Available records -
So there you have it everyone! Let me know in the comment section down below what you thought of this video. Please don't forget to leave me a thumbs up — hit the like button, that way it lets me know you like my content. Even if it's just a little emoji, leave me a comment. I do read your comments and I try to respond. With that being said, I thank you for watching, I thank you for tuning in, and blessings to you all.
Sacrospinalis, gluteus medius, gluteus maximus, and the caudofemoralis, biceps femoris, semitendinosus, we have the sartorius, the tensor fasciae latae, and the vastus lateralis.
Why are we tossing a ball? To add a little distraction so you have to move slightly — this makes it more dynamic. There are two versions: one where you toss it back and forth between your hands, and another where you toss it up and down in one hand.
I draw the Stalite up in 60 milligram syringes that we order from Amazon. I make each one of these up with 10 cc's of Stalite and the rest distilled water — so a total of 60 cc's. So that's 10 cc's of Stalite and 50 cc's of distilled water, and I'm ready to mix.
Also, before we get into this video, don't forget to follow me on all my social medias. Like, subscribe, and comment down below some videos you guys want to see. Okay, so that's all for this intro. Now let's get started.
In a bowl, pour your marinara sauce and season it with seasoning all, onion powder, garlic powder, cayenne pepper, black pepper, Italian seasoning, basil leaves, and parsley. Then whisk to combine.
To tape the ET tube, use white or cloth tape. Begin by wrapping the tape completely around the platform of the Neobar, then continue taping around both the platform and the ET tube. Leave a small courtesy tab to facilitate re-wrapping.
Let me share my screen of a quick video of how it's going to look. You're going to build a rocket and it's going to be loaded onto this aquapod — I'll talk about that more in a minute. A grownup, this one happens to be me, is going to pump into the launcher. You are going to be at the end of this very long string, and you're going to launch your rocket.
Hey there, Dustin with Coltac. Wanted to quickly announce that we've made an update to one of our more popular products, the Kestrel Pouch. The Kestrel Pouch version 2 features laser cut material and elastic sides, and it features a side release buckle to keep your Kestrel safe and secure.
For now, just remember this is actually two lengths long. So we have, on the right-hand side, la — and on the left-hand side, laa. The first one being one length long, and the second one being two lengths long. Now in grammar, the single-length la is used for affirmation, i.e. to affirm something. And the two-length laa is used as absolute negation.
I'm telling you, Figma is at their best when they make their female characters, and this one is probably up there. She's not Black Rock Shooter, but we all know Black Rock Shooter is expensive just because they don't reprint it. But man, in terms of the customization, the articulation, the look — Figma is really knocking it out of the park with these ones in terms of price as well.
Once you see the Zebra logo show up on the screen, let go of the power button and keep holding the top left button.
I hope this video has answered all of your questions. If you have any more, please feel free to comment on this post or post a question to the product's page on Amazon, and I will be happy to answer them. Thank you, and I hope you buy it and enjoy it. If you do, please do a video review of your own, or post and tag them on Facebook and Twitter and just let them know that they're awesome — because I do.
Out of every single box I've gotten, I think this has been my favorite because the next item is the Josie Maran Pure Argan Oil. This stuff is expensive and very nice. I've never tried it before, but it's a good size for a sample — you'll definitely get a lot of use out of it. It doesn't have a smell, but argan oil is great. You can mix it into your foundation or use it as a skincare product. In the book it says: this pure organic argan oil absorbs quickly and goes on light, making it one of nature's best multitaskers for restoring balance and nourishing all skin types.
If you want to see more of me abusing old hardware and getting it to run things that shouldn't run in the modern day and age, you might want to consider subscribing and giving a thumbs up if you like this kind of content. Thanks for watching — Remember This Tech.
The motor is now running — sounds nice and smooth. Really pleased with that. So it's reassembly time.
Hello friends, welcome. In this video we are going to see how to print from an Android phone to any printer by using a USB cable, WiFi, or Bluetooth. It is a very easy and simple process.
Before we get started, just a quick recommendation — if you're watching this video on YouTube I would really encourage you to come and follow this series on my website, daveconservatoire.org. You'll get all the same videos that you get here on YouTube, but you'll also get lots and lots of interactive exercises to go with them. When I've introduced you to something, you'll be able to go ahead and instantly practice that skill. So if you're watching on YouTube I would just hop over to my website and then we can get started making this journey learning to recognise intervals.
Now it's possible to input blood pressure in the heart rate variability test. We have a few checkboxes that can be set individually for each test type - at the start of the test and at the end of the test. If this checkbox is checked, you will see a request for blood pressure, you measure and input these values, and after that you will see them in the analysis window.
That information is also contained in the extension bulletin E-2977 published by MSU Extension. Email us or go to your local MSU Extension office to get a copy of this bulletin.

Instructions to follow -
State how many lines in the records contain the string "more". Give the number with no words around it.

Answer section -
5